WHAT THE TASK REQUIRES
Under this line is a listing; return exactly the lines starting at the one with "Reloj Curren 8365" and running down to the one with "Gothic Xo Anniston", and leave out its pictures.

SOURCE INFORMATION
<<<<

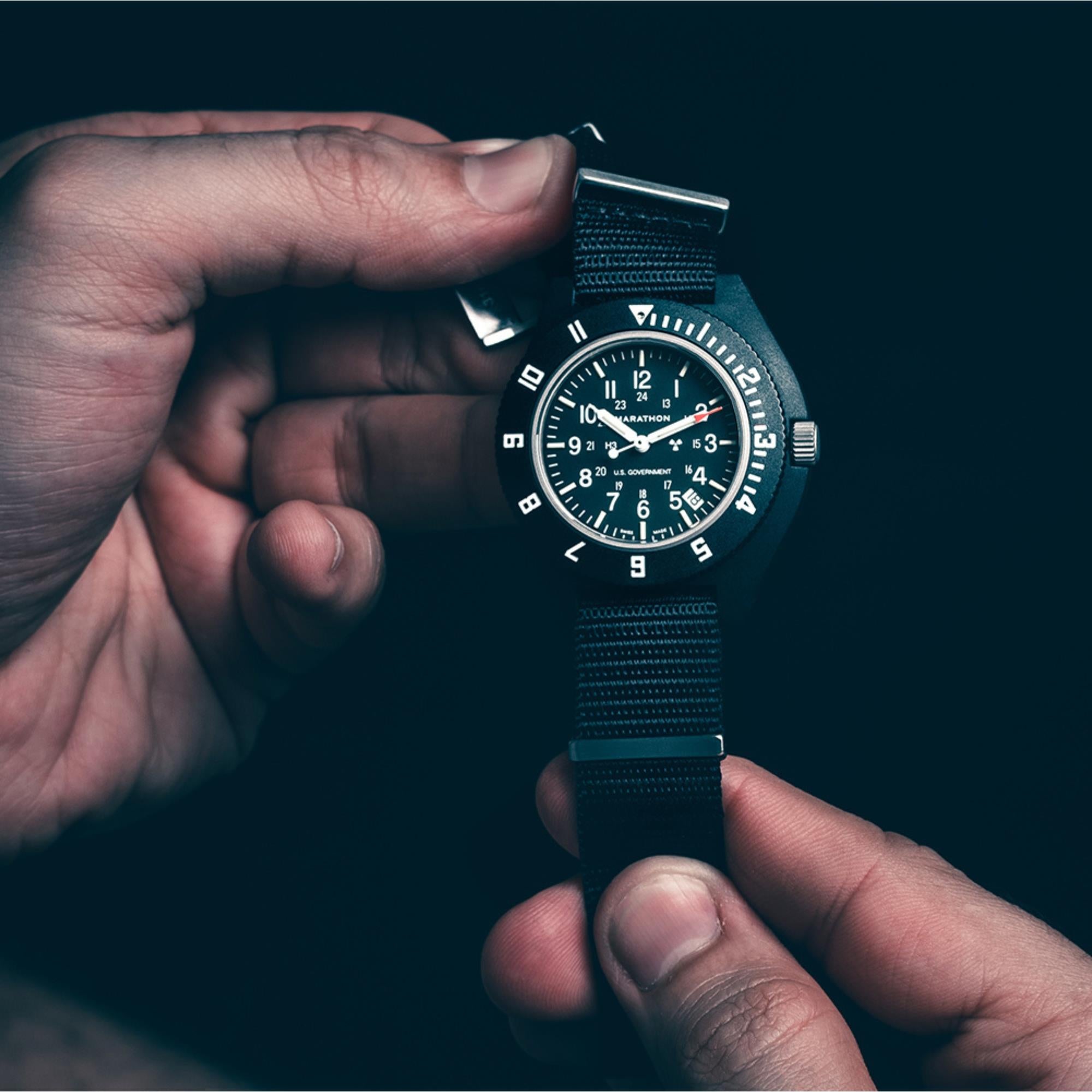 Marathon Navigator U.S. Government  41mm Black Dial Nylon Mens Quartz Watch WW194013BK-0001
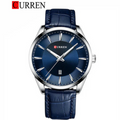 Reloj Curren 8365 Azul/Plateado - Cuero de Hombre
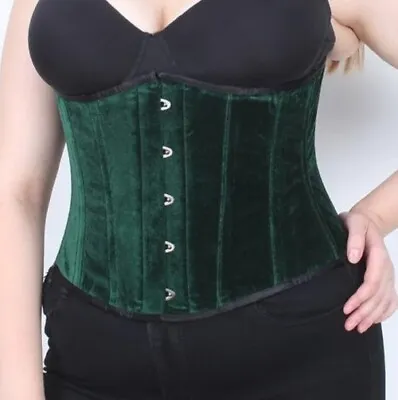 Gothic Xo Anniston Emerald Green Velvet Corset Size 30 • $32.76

>>>>
<<<<

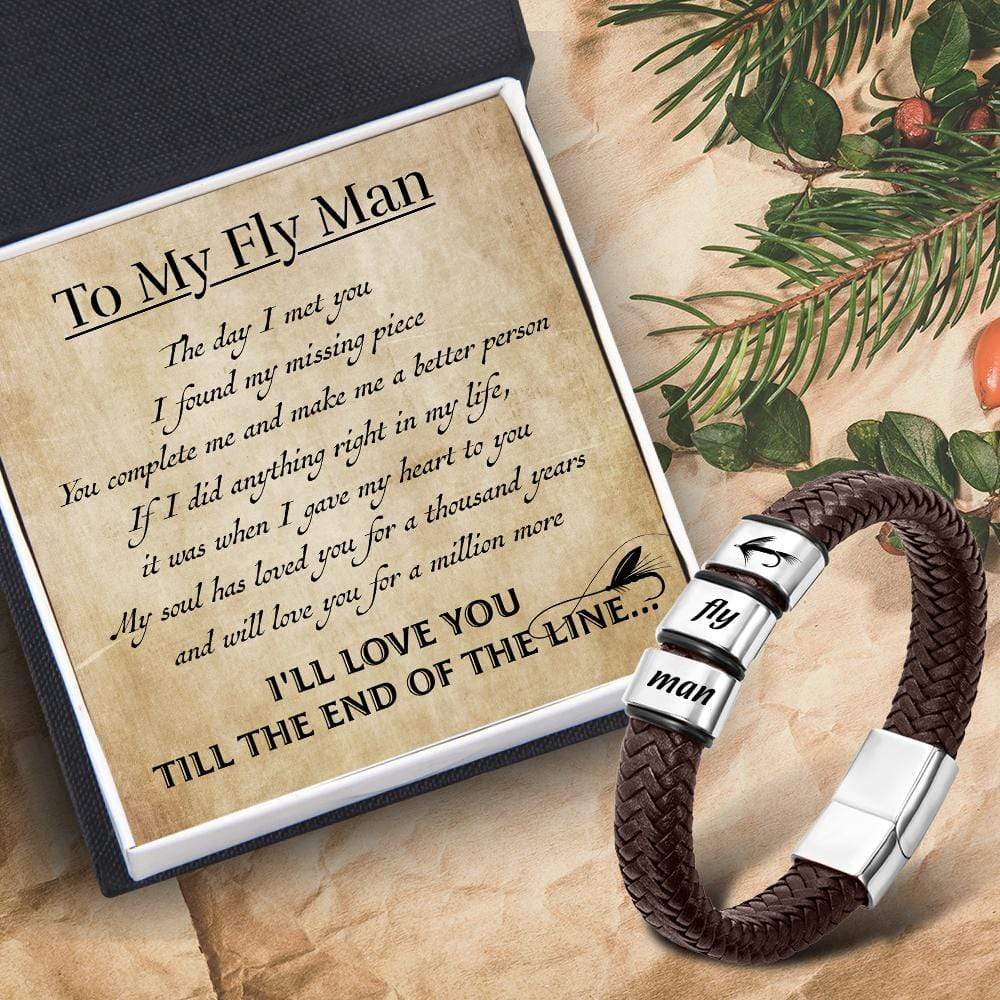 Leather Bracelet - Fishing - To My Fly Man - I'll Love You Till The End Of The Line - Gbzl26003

>>>>

OUTPUT FOR THIS TASK
 Reloj Curren 8365 Azul/Plateado - Cuero de Hombre
 Gothic Xo Anniston Emerald Green Velvet Corset Size 30 • $32.76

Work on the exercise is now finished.